» **DATA BLOCK**

============================================================

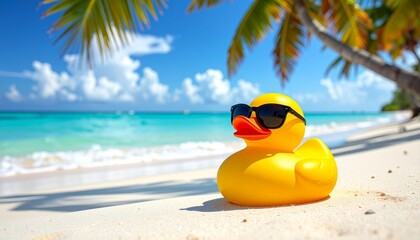 A yellow rubber duck in sunglasses lounges on a beach&mdash;palm trees, turquoise waves, and sun overhead. A whimsical metaphor for playful detachment and the choreography of curated leisure.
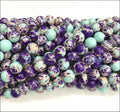 Blue Purple Imperial Jasper beads Sea Sediment Stone Bead
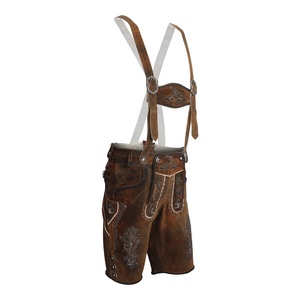 <b>Old</b> Style Plus Size High Embroidered Lederhosen for Men | Antique Look Bavarian Leather Shorts | Handmade Oktoberfest Costume - Product Image 2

============================================================

» **AIM OF THE EXERCISE**
Exact repetition of each line above is expected; images are to be omitted.

» **PROBLEM SOLUTION**
 A yellow rubber duck in sunglasses lounges on a beach&mdash;palm trees, turquoise waves, and sun overhead. A whimsical metaphor for playful detachment and the choreography of curated leisure.
 Blue Purple Imperial Jasper beads Sea Sediment Stone Bead
 <b>Old</b> Style Plus Size High Embroidered Lederhosen for Men | Antique Look Bavarian Leather Shorts | Handmade Oktoberfest Costume - Product Image 2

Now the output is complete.